The Mechanism of Formate Oxidation by Metal-dependent Formate Dehydrogenases

C. S. MOTA; M. G. RIVAS; C. D. BRONDINO; I. MOURA; J. J. G. MOURA; P. J. GONZÁLEZ; N. M. F. S. A. CERQUEIRA

JOURNAL OF BIOLOGICAL INORGANIC CHEMISTRY

SPRINGER

Año: 2011 vol. 16 p. 1255 - 1268

0949-8257

Metal-dependent formate dehydrogenases (Fdh) from prokaryotic organisms are members of the dimethyl sulfoxide (DMSO) reductase family of mononuclear molybdenum and tungsten containing enzymes. Fdh catalyze the oxidation of the formate anion to carbon dioxide in a redox reaction that involves the transfer of two electrons from the substrate to the active site. The active site in the oxidized state comprises a hexacoordinated Mo or W ion in a trigonal prismatic geometry.
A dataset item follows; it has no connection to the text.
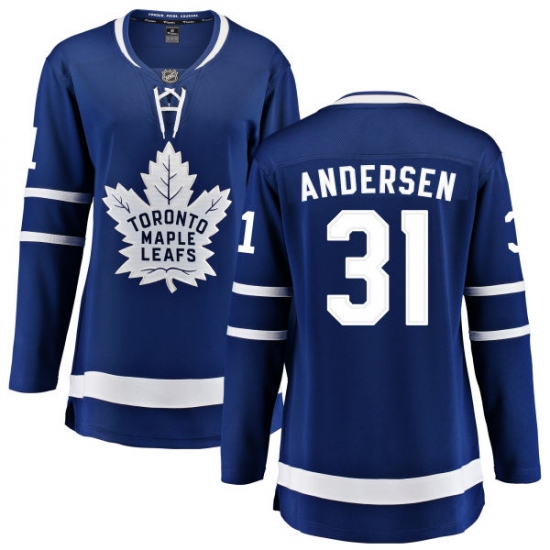 Women's Toronto Maple Leafs #31 Frederik Andersen Fanatics Branded Royal Blue Home Breakaway NHL Jersey - Ujersey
Using this structural model, the catalytic mechanism of Fdh has been calculated through DFT tools. The simulated mechanism was correlated with the experimental kinetic properties of three different Fdhs isolated from three different Desulfovibrio species. Our studies indicate that the C-H bond break is the rate-limiting step of the catalytic cycle and that changing Mo for W in the active site does not affect the turnover rates. The role of conserved amino acid residues near the active site is discussed on the basis of theoretical and experimental results.